• [EXERCISE AIM] Retype word for word the stretch of entries below from the line that has "Luận án tiến" through the line that has "Eaton 088709 EIN-AUS-Schalter, T0, 20", and omit the pictures.

• [PROVIDED DATA]
»»

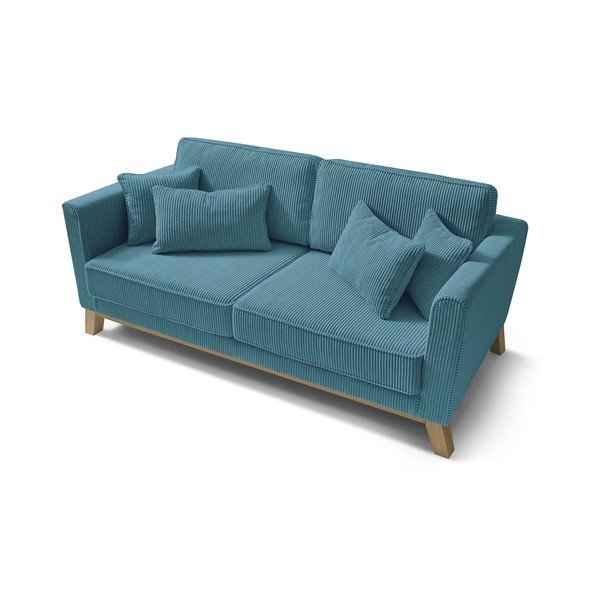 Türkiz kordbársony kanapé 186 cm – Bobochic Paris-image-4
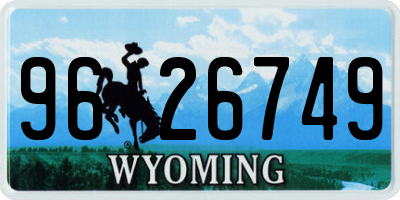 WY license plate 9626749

««
»»

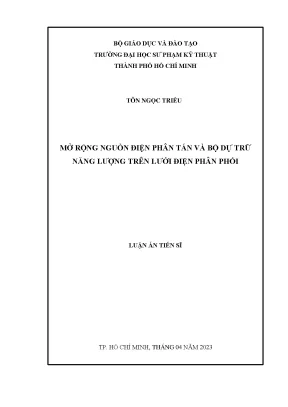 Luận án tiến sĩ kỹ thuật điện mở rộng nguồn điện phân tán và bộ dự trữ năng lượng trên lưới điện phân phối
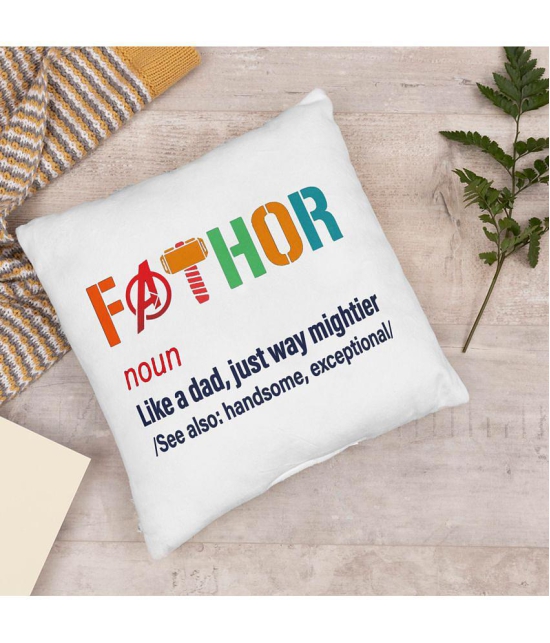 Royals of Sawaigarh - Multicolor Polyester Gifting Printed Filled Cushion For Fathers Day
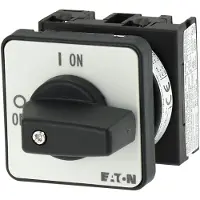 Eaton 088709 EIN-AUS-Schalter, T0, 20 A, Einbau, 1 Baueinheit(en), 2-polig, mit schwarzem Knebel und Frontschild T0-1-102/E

««

• [REPLY]
 Luận án tiến sĩ kỹ thuật điện mở rộng nguồn điện phân tán và bộ dự trữ năng lượng trên lưới điện phân phối
 Royals of Sawaigarh - Multicolor Polyester Gifting Printed Filled Cushion For Fathers Day
 Eaton 088709 EIN-AUS-Schalter, T0, 20 A, Einbau, 1 Baueinheit(en), 2-polig, mit schwarzem Knebel und Frontschild T0-1-102/E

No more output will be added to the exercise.